In a press release sent to redbankgreen late Tuesday, Zipprich said the Red Bank Democratic Municipal Committee he heads followed “a process that was transparent and permitted by the bylaws” in choosing three potential successors to Erik Yngstrom, who resigned from the council January 19.

The statement followed a decision by Superior Court Judge David Bauman earlier in the day rejecting a request that Mirandi be temporarily removed from the council while a lawsuit over her appointment is pending.

In court filings, plaintiffs Kate Okeson and Councilwoman Kathy Horgan argued that they had been “illegally” excluded from RBDMC’s process of vetting candidates to forward to the mayor and council. That tainted Mirandi’s appointment, they alleged.

Horgan and Okeson sued Zipprich, the local party, Mirandi and the borough government. As of Tuesday, they said they had not decided whether to continue pursuing the matter, and did not respond to a request for comment Wednesday.

In his 10-page decision, Bauman wrote that it was “unrebutted” that neither Horgan nor Okeson was informed of any RBDMC meeting to discuss candidates or “consulted or in any way involved” in the process.

Zipprich previously said that an ad-hoc committee that included former mayor Ed McKenna, rather than the 18-member RBDMC, selected the party’s three nominees.
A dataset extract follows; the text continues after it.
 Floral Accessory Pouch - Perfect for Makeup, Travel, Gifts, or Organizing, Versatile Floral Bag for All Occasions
He has not publicly identified the committee’s other members.

He formed the committee “so that nobody could say that I am controlling who or what is being instituted in this replacement,” Zipprich said at the February 9 council meeting at which Mirandi was appointed on a 3-to-1 vote, with one abstention.

Attorney Thaddeus Maciag, representing Horgan and Okeson, wrote in a court filing earlier this month that, “remarkably… none of the defendants – including Zipprich himself – have even attempted to defend the legality or propriety” of the way in which the three nominees were selected.
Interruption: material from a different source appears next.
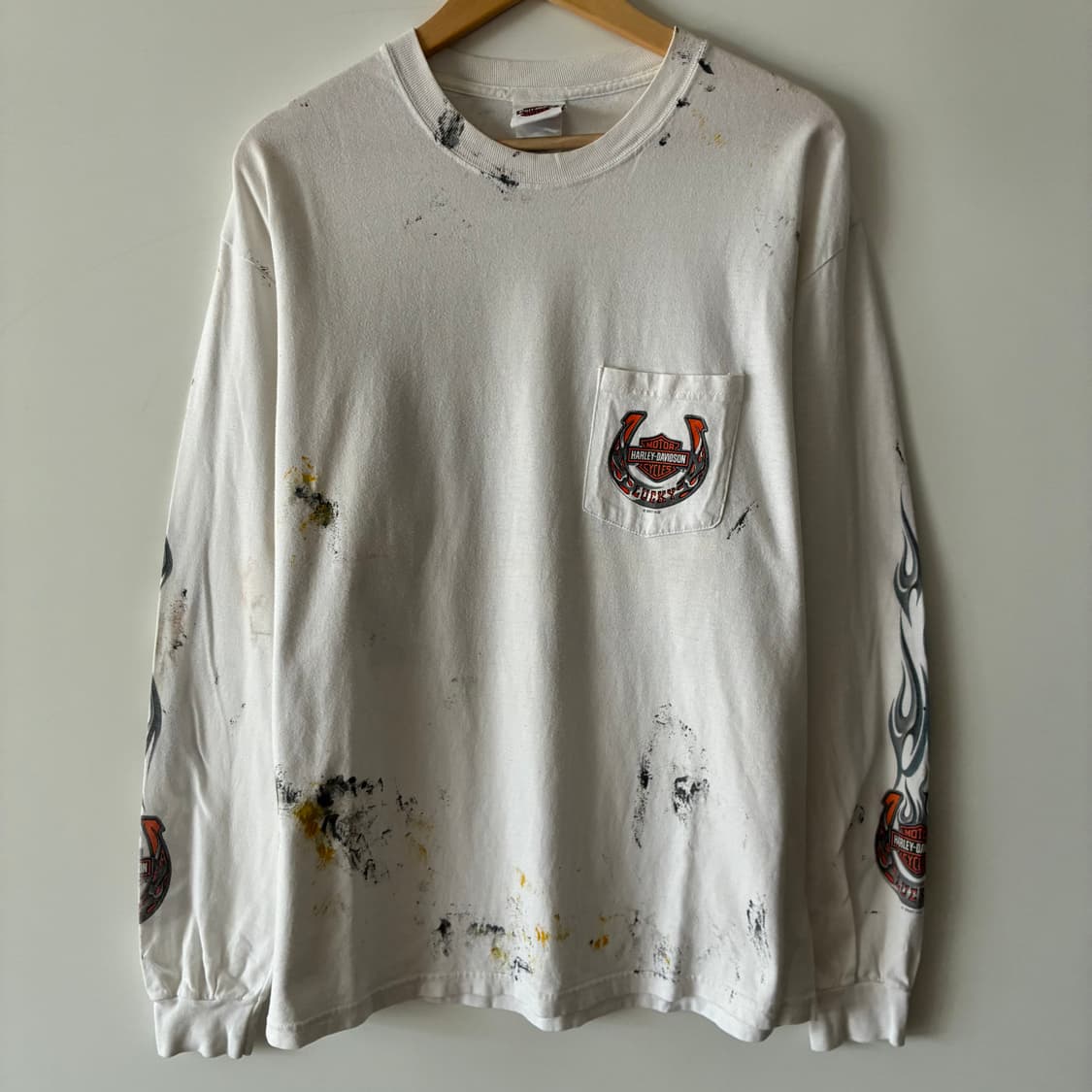 할리 데이비슨 롱 슬리브 상품이미지1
“This is because the parties know that Zipprich and the RBDMC acted illegally,” Maciag wrote.

In filings, Zipprich did not dispute that he’d left the 18-member RBDMC “county committee” out of the process. Instead, he argued that “there was no statutory requirement that all members of the RBDMC meet and confer” to vet candidates for the vacancy, as Bauman summarized it.

But Bauman found that it’s not “a settled question of law that a ‘municipal committee’ must consist of all members of that committee, or cannot consist of non-elected members, as plaintiffs suggest.”
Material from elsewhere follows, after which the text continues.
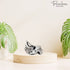 Parcelona French Paw Yoga Hair Claw Clip - White Black, Wide Side Slide In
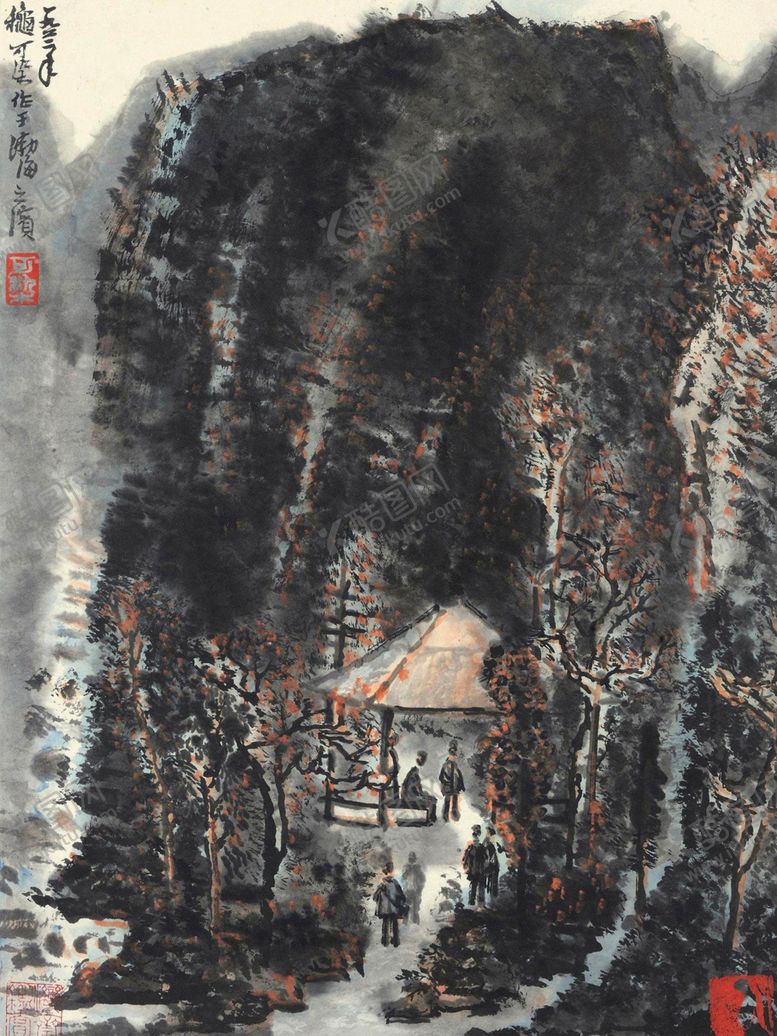 编号：43068210150344052507【酷图网】源文件下载-李可染国画作品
Nor is the law clear on the remedy available to members of municipal committees who are frozen out of a political party’s nomination process, Bauman wrote.

He rejected the request that he remove Mirandi pending a possible trial on the issue. Okeson and Horgan had not demonstrated a likelihood that they would prevail at trial, Bauman found.

In addition, the possibility that Mirandi’s council votes “may prove pivotal,” as Okeson and Horgan argued, “is too speculative to warrant the drastic remedy of removing her from office,” he wrote.

Here’s the decision: Bauman decision 041222

In Tuesday’s press release, Zipprich said the party “implemented a process that was transparent and permitted by the bylaws as it concerns the vetting and selection of replacement candidates.”

Neither side, however, submitted a copy of the bylaws, and Okeson, who was the organization’s secretary, contended the party “does not maintain any bylaws whatsoever – let alone bylaws that would allow for a process in selecting candidates to the exclusion of the RBDMC’s elected members.”

In the press statement, Zipprich wrote that “the Red Bank Democrats demand that Horgan and Okeson reimburse the Borough for costs incurred.”

At a special session March 18, the council, with just three members able to vote, authorized the borough to pay two lawyers up to $17,500 each to represent the municipality and Mirandi in the case.

Horgan and Okeson did not respond to a request for comment on Zipprich’s statement.

On Tuesday, they told redbankgreen that Bauman’s decision “appears to give the Municipal Chair the ability to bypass all 18 elected county committee members. We are evaluating our legal options.”